Opinion
527455
11-21-2019
Sandra M. Colatosti, Albany, for appellant. Christopher H. Gardner, County Attorney, Schenectady (Sarah Petraccione of counsel), for respondent. Alexandra G. Verrigni, Rexford, attorney for the children. Karen Crandall, Schenectady, attorney for the child.
Sandra M. Colatosti, Albany, for appellant.
Christopher H. Gardner, County Attorney, Schenectady (Sarah Petraccione of counsel), for respondent.
Alexandra G. Verrigni, Rexford, attorney for the children.
Karen Crandall, Schenectady, attorney for the child.
Before: Egan Jr., J.P., Clark, Mulvey and Devine, JJ.
MEMORANDUM AND ORDER
Clark, J. Appeal from an order of the Family Court of Schenectady County (Blanchfield, J.), entered August 16, 2018, which granted petitioner's application, in a proceeding pursuant to Family Ct Act article 10, to adjudicate the subject children to be neglected.

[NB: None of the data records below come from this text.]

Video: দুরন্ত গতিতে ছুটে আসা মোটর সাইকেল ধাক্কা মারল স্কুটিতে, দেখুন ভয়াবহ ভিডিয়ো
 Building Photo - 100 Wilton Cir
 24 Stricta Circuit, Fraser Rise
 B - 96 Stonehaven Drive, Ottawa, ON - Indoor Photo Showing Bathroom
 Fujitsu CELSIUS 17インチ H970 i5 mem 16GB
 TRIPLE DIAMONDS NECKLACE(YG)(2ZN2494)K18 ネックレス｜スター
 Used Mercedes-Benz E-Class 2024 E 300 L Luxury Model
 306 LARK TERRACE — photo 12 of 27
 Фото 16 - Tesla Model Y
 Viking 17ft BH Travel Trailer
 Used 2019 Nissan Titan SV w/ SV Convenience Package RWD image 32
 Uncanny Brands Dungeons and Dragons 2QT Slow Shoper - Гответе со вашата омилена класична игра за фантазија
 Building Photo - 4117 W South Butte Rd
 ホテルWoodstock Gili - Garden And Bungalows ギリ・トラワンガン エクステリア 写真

Respondent is the mother of nine children, the youngest five of whom (born in 2000, 2001, 2002, 2004 and 2007) are subjects of this proceeding. Respondent is also the legal guardian of her nephew (born in 2014), who is also a subject of this proceeding. In March 2017, petitioner investigated a hotline report alleging that respondent's two youngest children – both daughters – had been sexually assaulted by their older brother – respondent's seventh child. During that investigation, the youngest two children gave statements confirming the hotline report and respondent's seventh child admitted to perpetrating the acts of sexual abuse. Consequently, respondent's seventh child was removed from the home upon consent, and petitioner commenced this Family Ct Act article 10 proceeding against respondent. Specifically, petitioner alleged that respondent placed her five youngest children and her nephew at an imminent and substantial risk of harm by failing to adhere to the terms and conditions of a safety plan that was put in place in 2012 following the sexual abuse of respondent's sixth and seventh children by their older brother, who is not a subject of this proceeding. Family Court conducted a fact-finding hearing over several dates, throughout which the parties litigated an additional, unpleaded theory of neglect – whether respondent's ninth child had reported the alleged sexual abuse to respondent prior to the hotline report and whether respondent failed to thereafter take appropriate and meaningful action. In its written decision and order, Family Court sua sponte amended the petition to conform to the proof so as to include this second theory of neglect and found that respondent neglected her ninth child on that basis and derivatively neglected the remaining five children. Respondent appeals.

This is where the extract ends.